EXERCISE GOAL. An exact copy is needed of the lines from the one that contains "Personalized Floral Initial" through the final line of the data below, with pictures left out.

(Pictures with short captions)
━━━━━━━━━━

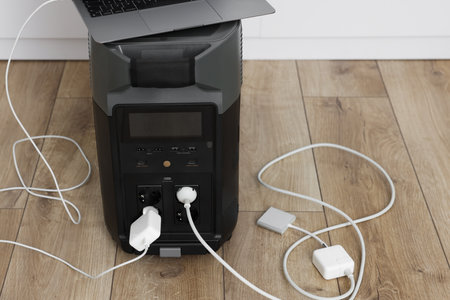 Modern portable power station, charging devices attached indoorsの写真素材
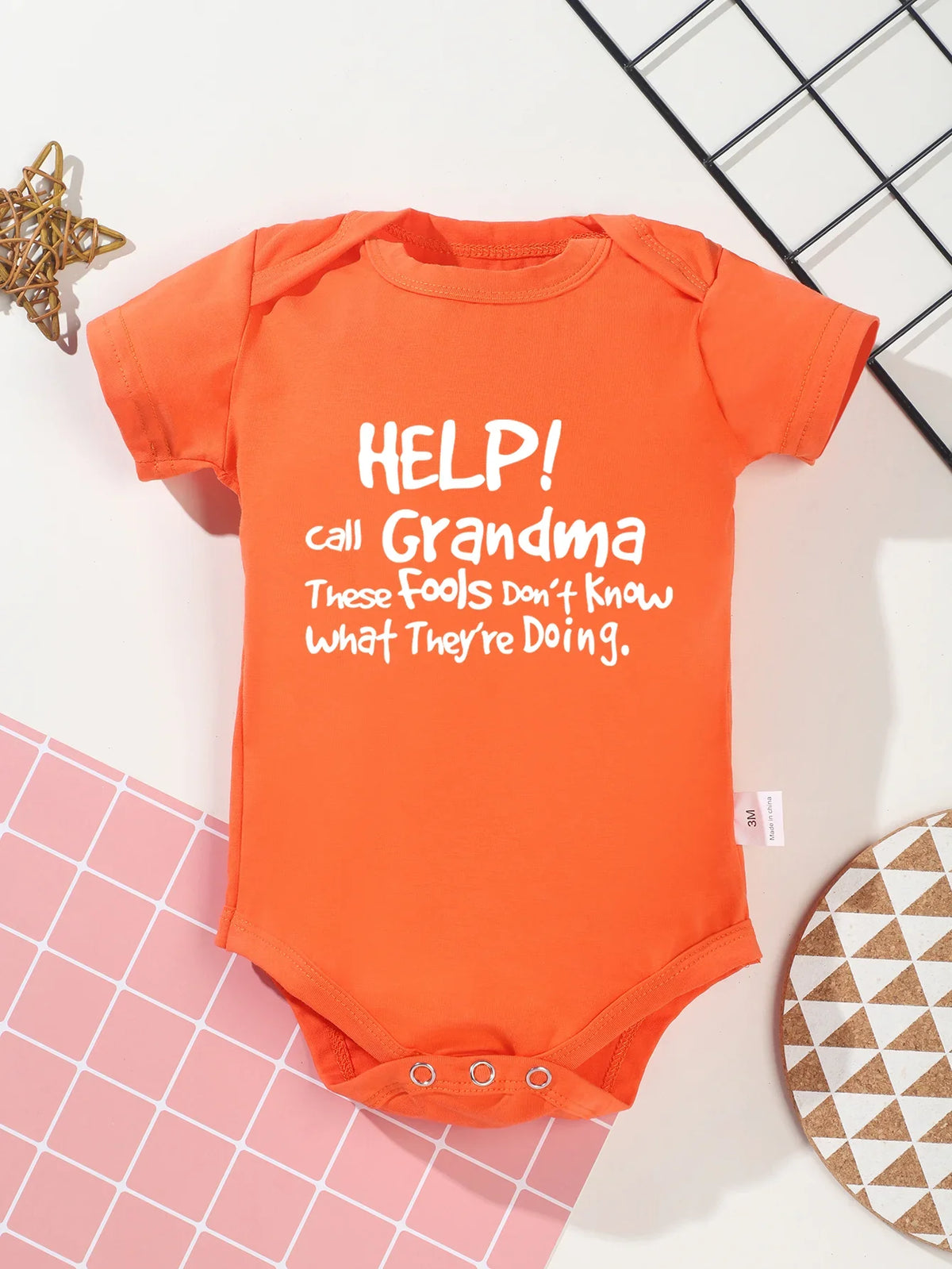 “Help Call Grandma” Letter Print Newborn Infant Rompers – Cute Short Sleeve Toddler Jumpsuit – Fashion Baby Boy & Girl Bodysuit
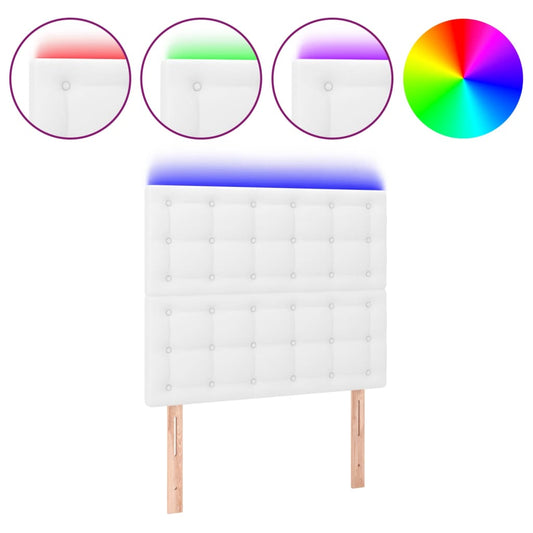 vidaXL Κεφαλάρι Κρεβατιού LED Λευκό 100x5x118/128 εκ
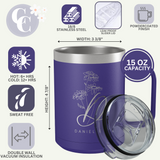 Personalized Floral Initial Insulated Coffee Camp Mug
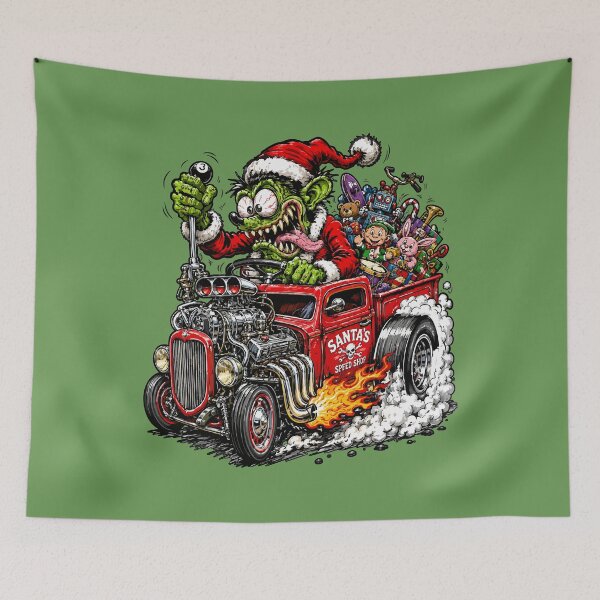 Item preview, Wild Funny Crazy Christmas Monster Hotrod Santa designed and sold by hobrath.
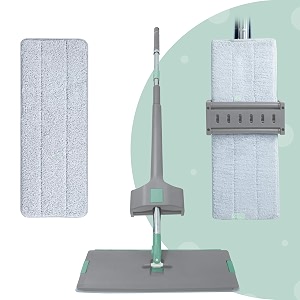 upc micro fiber super absorbent floor cleanerflat mop for floor cleanningstick pocha for floor cleaningmagic mop with super-absorbent microfiber pads - green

━━━━━━━━━━

ANSWER TO THIS TASK.
 Personalized Floral Initial Insulated Coffee Camp Mug
 Item preview, Wild Funny Crazy Christmas Monster Hotrod Santa designed and sold by hobrath.
 upc micro fiber super absorbent floor cleanerflat mop for floor cleanningstick pocha for floor cleaningmagic mop with super-absorbent microfiber pads - green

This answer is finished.